The nuclear process emits 2-6 grams of carbon equivalent per kilowatt-hour, while coal, oil and natural gas emit 100-360 grams of carbon per kilowatt-hour .
(actually thats The Age's paraphrase; hopefully they can report figures accurately).
After my last post, an anonymomous commenter pointed me to the opendemocracy posting which asserts that:
A complete life-cycle analysis shows that generating electricity from nuclear power emits 20-40% of the carbon dioxide per kiloWatt hour (kWh) of a gas-fired system when the whole system is taken into account.

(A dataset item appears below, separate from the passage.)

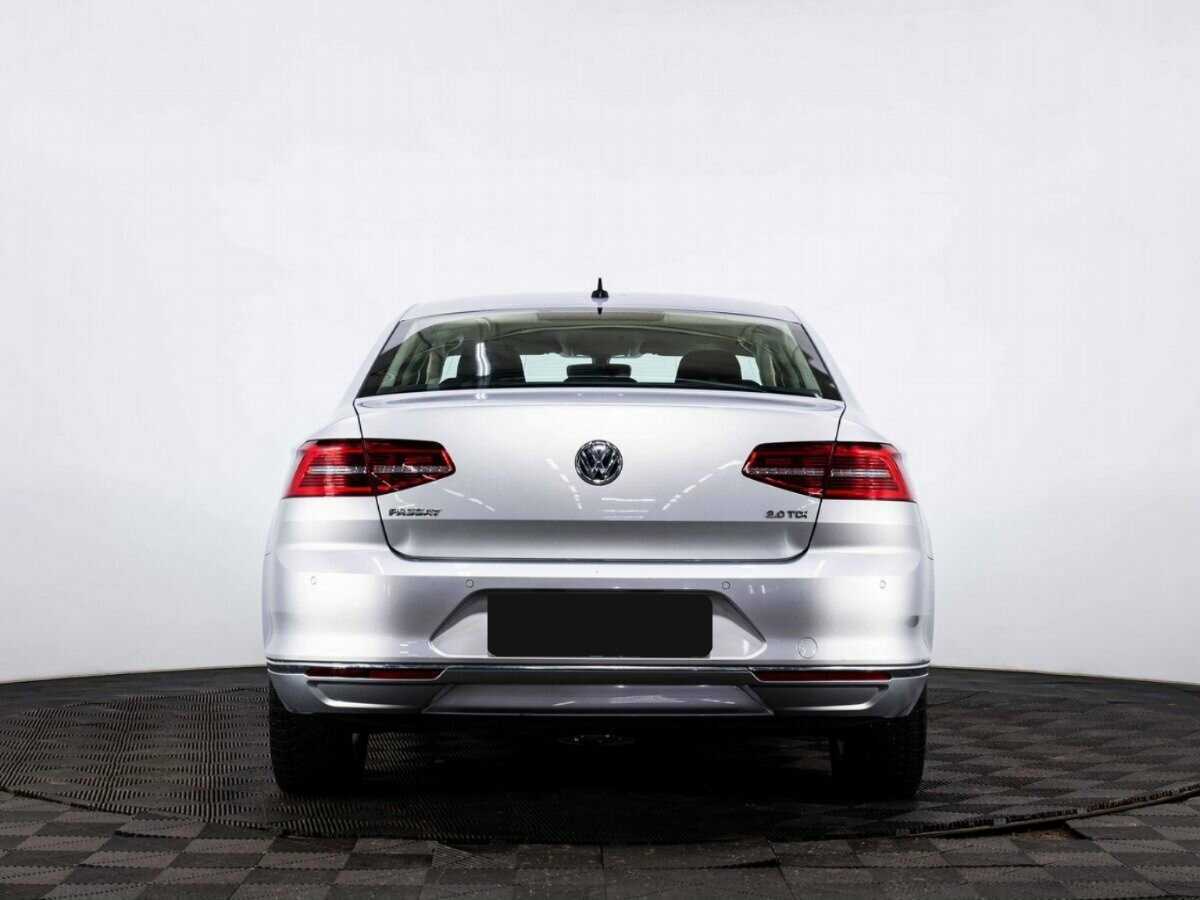 Volkswagen Passat DSG6, 2017 - Фото №4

Hmm... how do we reconcile these two estimates? Firstly gas is better than oil or coal so perhaps we can take the "100" from the first; but even then taking the "6" from the first and the lowest, 20%, from the second we have 6% compared to 20%, a factor of 3 disparity. Unfortunately the source for the second lot (http://www.oprit.rug.nl/deenen/) is currently offline.

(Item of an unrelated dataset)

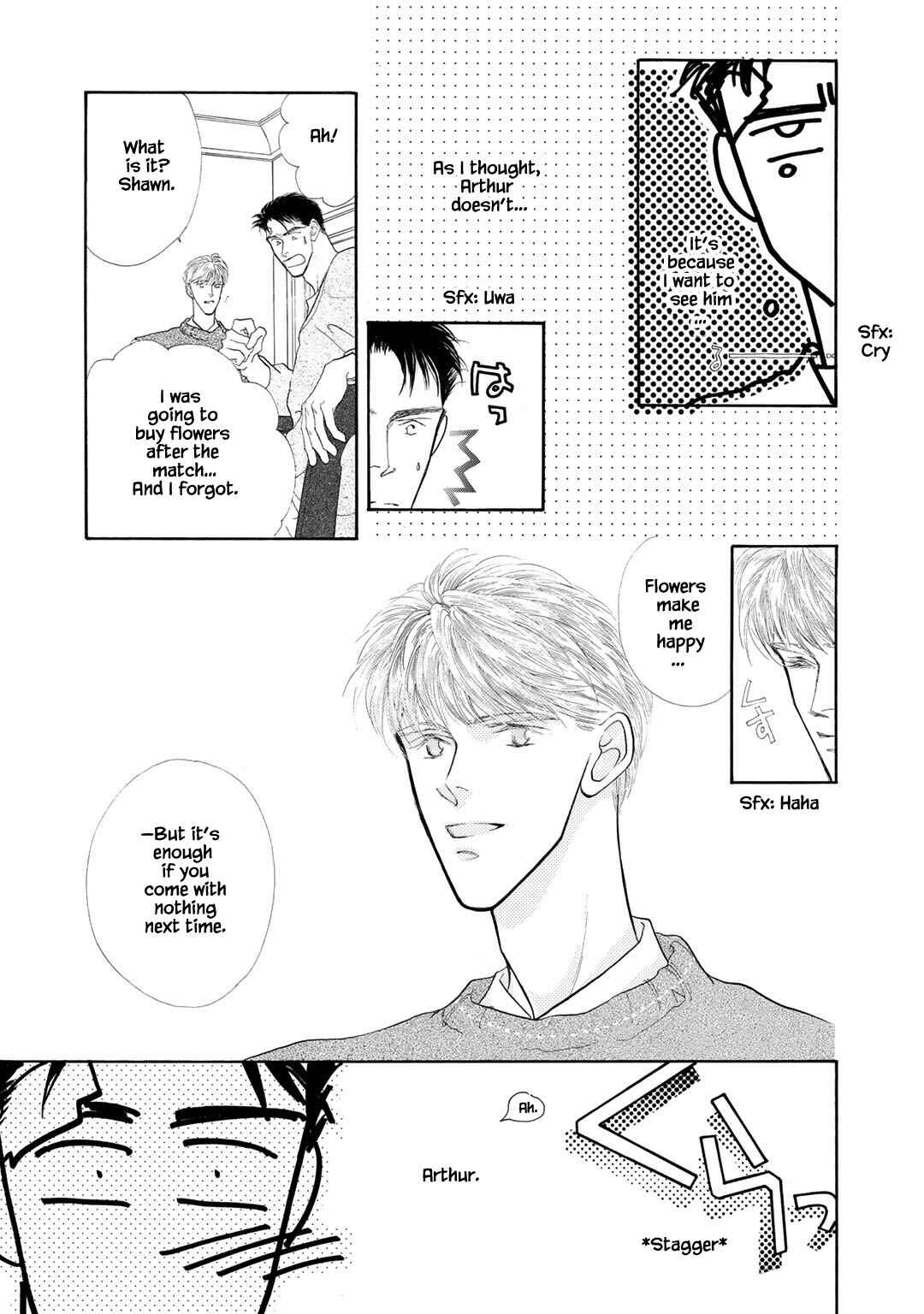 Page 11 Chapter 8 A Loneliness of The Long Distance Relationship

Based on a simple argument (I think most of the monetary costs of nukes is engineering and safety and disposal; if the CO2 costs were really 40% nukes would probably be even more uneconomic than they are) I'm disinclined to believe the second set. That doesn't mean I do believe the first, though.
I do agree with SB on the comments to my first post: that there are vast energy efficiency gains possible. BS's argument that nukes are too safe is worth reading too. But having said that, any other refs to nukes CO2 would be welcome.
Oh... and this *isn't* going to become an energy-sources blog... back to the science soon!